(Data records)
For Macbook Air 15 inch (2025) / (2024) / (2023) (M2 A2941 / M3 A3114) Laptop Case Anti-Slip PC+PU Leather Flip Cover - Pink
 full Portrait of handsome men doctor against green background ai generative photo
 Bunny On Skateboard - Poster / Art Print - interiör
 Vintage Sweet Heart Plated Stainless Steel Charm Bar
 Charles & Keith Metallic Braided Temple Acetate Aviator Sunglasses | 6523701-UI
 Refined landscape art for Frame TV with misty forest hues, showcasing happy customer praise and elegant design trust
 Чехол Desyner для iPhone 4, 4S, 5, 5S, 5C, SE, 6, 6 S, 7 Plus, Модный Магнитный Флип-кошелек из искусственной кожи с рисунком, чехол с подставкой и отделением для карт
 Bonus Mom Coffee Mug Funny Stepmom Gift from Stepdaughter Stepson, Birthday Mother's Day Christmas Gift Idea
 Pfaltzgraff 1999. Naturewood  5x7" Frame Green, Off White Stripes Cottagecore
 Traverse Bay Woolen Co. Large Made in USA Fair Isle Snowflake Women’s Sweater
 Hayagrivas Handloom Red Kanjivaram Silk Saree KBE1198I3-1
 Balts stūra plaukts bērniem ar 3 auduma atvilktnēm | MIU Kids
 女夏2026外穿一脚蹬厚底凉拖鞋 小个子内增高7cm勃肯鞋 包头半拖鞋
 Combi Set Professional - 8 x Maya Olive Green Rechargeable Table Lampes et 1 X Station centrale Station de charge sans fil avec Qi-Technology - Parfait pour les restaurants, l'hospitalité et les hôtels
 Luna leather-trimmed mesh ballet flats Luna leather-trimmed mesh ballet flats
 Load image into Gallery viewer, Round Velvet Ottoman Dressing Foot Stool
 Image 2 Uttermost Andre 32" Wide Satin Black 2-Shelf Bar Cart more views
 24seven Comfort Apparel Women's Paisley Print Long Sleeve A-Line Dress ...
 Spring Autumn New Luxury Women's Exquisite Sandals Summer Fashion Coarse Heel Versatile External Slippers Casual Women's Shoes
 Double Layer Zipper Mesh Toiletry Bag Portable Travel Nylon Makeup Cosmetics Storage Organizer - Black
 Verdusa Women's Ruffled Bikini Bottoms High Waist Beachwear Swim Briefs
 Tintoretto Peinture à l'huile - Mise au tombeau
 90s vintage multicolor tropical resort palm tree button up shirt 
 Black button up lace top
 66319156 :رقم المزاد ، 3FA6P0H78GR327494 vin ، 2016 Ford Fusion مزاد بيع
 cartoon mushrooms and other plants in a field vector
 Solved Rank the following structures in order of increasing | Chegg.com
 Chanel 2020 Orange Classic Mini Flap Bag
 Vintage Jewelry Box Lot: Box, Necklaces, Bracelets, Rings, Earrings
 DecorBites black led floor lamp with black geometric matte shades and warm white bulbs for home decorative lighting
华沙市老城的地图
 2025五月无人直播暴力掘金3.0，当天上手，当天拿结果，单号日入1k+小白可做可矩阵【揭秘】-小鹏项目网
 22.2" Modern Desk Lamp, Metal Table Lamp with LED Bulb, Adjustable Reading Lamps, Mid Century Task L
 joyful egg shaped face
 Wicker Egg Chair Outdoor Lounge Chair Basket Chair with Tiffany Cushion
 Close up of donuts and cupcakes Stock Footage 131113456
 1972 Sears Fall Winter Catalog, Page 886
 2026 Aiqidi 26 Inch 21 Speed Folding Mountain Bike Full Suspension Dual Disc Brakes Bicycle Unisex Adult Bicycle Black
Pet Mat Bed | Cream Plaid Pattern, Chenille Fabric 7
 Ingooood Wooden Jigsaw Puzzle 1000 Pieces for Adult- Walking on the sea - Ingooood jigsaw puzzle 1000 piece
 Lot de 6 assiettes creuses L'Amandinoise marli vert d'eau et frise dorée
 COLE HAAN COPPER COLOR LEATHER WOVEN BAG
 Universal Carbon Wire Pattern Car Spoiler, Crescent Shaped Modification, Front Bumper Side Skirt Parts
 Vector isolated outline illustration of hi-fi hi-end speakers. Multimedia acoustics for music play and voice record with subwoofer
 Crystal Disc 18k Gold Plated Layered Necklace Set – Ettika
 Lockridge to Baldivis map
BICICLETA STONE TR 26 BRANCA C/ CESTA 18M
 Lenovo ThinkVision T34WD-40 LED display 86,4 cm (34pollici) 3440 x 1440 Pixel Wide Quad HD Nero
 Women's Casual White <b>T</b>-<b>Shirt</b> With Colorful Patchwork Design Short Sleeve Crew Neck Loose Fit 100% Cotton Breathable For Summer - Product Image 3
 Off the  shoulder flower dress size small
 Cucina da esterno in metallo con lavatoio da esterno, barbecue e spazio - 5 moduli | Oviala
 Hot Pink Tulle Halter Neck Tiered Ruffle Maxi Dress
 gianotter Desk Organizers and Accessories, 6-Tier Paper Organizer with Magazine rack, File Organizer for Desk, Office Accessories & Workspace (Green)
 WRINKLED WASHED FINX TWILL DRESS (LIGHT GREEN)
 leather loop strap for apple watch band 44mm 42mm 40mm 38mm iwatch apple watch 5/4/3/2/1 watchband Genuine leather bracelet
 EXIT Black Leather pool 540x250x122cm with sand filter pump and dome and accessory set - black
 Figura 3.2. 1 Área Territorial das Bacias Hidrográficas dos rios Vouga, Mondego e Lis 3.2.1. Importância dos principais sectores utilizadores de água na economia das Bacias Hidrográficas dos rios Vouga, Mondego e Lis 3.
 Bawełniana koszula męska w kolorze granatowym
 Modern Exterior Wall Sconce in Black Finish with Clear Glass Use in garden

> **Assignment**
Retype the records above from the very first line down to the line with "Tintoretto Peinture à", keeping both of those lines. Include nothing beyond them.

> **Response to the task**
For Macbook Air 15 inch (2025) / (2024) / (2023) (M2 A2941 / M3 A3114) Laptop Case Anti-Slip PC+PU Leather Flip Cover - Pink
 full Portrait of handsome men doctor against green background ai generative photo
 Bunny On Skateboard - Poster / Art Print - interiör
 Vintage Sweet Heart Plated Stainless Steel Charm Bar
 Charles & Keith Metallic Braided Temple Acetate Aviator Sunglasses | 6523701-UI
 Refined landscape art for Frame TV with misty forest hues, showcasing happy customer praise and elegant design trust
 Чехол Desyner для iPhone 4, 4S, 5, 5S, 5C, SE, 6, 6 S, 7 Plus, Модный Магнитный Флип-кошелек из искусственной кожи с рисунком, чехол с подставкой и отделением для карт
 Bonus Mom Coffee Mug Funny Stepmom Gift from Stepdaughter Stepson, Birthday Mother's Day Christmas Gift Idea
 Pfaltzgraff 1999. Naturewood  5x7" Frame Green, Off White Stripes Cottagecore
 Traverse Bay Woolen Co. Large Made in USA Fair Isle Snowflake Women’s Sweater
 Hayagrivas Handloom Red Kanjivaram Silk Saree KBE1198I3-1
 Balts stūra plaukts bērniem ar 3 auduma atvilktnēm | MIU Kids
 女夏2026外穿一脚蹬厚底凉拖鞋 小个子内增高7cm勃肯鞋 包头半拖鞋
 Combi Set Professional - 8 x Maya Olive Green Rechargeable Table Lampes et 1 X Station centrale Station de charge sans fil avec Qi-Technology - Parfait pour les restaurants, l'hospitalité et les hôtels
 Luna leather-trimmed mesh ballet flats Luna leather-trimmed mesh ballet flats
 Load image into Gallery viewer, Round Velvet Ottoman Dressing Foot Stool
 Image 2 Uttermost Andre 32" Wide Satin Black 2-Shelf Bar Cart more views
 24seven Comfort Apparel Women's Paisley Print Long Sleeve A-Line Dress ...
 Spring Autumn New Luxury Women's Exquisite Sandals Summer Fashion Coarse Heel Versatile External Slippers Casual Women's Shoes
 Double Layer Zipper Mesh Toiletry Bag Portable Travel Nylon Makeup Cosmetics Storage Organizer - Black
 Verdusa Women's Ruffled Bikini Bottoms High Waist Beachwear Swim Briefs
 Tintoretto Peinture à l'huile - Mise au tombeau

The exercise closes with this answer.